Repair of a Log Cabin Quilt

I've been working on a log cabin quilt.  It's maybe Mennonite, purchased in Ontario a while ago.  It's not very, very old.  Probably made in the mid to later part of the 1900s.  (When I started quilting, that's how I referred to "The 1800s".  It stills sounds so strange to me to say "The 1900s"......)  The current owner uses the quilt on her bed.  It's been repaired once before.

Here's the neat plaid fabric that's on the back.

Several of the darker fabrics have worn out, and many made of the lighter, brown fabaric are gone or going soon.

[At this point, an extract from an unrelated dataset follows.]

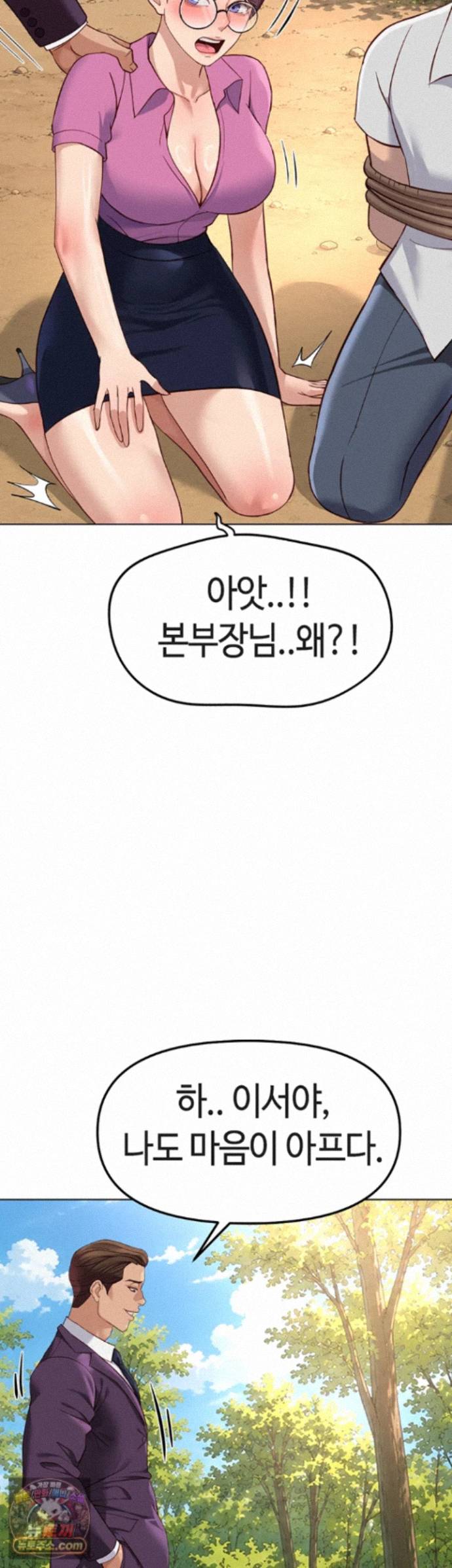 Common Sense Manipulation Program Raw - Chapter 80 Page 24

I gave the owner two estimates, one for just the really bad spots, and one that also includes the brown fabrics that are still mostly intact but have some splits starting.  She chose to go for the full job, because she intends to keep using the quilt.

In the spaces of the missing logs, it's possible to see the funky little orange spread that was used to fill the quilt.  That and the plaid on the back lead me to date the quilt c. 1960.  Officially, "circa" means it could have been made 10 years either side of the given date.  The plaid seems 60s to me, the orange spread could be 70s.  So, what "circa" means to me is "somewhere in around there".

Here are the vintage fabrics I had on hand.  The brown is a cotton, but the original fabric is probably a rayon.  The thicker green wool is too thick, and the thinner one has only a few spots that are not already weak.  I only had black cottons, which in a heavier weave can replace a dress-weight black wool in a pinch.  (Read about storing wool fabrics here.)

I decided to go shopping to see if I could find something better, and did.  I bought a dark, forest green and a black wool crepe.  It's often hard to find wools light weight enough to work well in these quilts.  These are still a touch thick, but not bad.  I didn't find anything better for the brown.  I decided to try sewing them on and see how I liked them.  I liked them.

Here's the finished repair job.

And here are before and after pix of some of the repaired logs.

(The brown fabric I added comes off quite a bit yellower than the original in these photos.  Yes, it is yellower, but not quite so much yellower.  Some of this is because of the quality of the light when I photographed. You can seen that the blues are also a very different shade in the before and after pix.  I could have spent a while in photoshop adjusting, but thought I just write simple disclaimer instead!)